What Does it Mean to be a Personal Representative?
At the simplest level, a Personal Representative (PR) is responsible for collecting all the assets of the estate of someone who has died and then paying that person's debts. At the end of that process, any remaining assets can be distributed to heirs. Sometimes, people are confused by the word "estate" and think that the term applies only to the very wealthy. An estate is just what you own. Many people have simple estates with a car or two, a house and some bank accounts. Generally, tidying up a small estate is an easy process that a reasonably-organized person can handle.
You can be nominated to serve as PR in a person's will or you can nominate yourself to serve if a person dies without a will. When there is no will, a relative or friend can go to the courthouse in the county where the deceased person lived, present a certified copy of the death certificate, and ask to be nominated as Personal Representative. In Wisconsin, the probate courts prefer that the PR be a Wisconsin resident.

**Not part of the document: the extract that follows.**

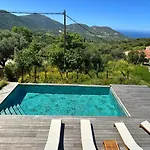 Giuliana D'architecte Avec Piscine Et Vue 别墅 Aregno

The PR has a duty to act in a trustworthy manner and must submit various documents to the Probate Court under deadlines set by the court. Fortunately, if a PR needs help from an accountant or an attorney, he or she can hire the needed help and charge the estate. While a PR can also charge for time, many PRs do the job for free or for very little in order to save money for the estate. Acting as PR can be thought of as a final gift to a deceased person because it can preserve more money to fulfill a person's final wishes.